◆ Task details: Each line of the material should be retyped without alteration.
(Input material begins)
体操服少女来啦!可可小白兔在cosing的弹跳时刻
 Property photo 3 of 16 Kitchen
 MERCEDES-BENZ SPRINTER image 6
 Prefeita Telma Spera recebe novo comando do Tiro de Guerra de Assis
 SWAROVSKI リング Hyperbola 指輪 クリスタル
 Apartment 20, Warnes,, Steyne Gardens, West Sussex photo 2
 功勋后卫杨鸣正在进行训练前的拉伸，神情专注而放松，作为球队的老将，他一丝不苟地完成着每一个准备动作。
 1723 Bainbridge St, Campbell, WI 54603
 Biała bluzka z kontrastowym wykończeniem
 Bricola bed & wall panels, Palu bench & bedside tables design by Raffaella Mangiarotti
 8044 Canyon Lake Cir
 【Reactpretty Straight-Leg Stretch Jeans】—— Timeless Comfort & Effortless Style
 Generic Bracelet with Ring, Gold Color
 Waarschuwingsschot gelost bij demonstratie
(Input material ends)
◆ Exercise response:
体操服少女来啦!可可小白兔在cosing的弹跳时刻
 Property photo 3 of 16 Kitchen
 MERCEDES-BENZ SPRINTER image 6
 Prefeita Telma Spera recebe novo comando do Tiro de Guerra de Assis
 SWAROVSKI リング Hyperbola 指輪 クリスタル
 Apartment 20, Warnes,, Steyne Gardens, West Sussex photo 2
 功勋后卫杨鸣正在进行训练前的拉伸，神情专注而放松，作为球队的老将，他一丝不苟地完成着每一个准备动作。
 1723 Bainbridge St, Campbell, WI 54603
 Biała bluzka z kontrastowym wykończeniem
 Bricola bed & wall panels, Palu bench & bedside tables design by Raffaella Mangiarotti
 8044 Canyon Lake Cir
 【Reactpretty Straight-Leg Stretch Jeans】—— Timeless Comfort & Effortless Style
 Generic Bracelet with Ring, Gold Color
 Waarschuwingsschot gelost bij demonstratie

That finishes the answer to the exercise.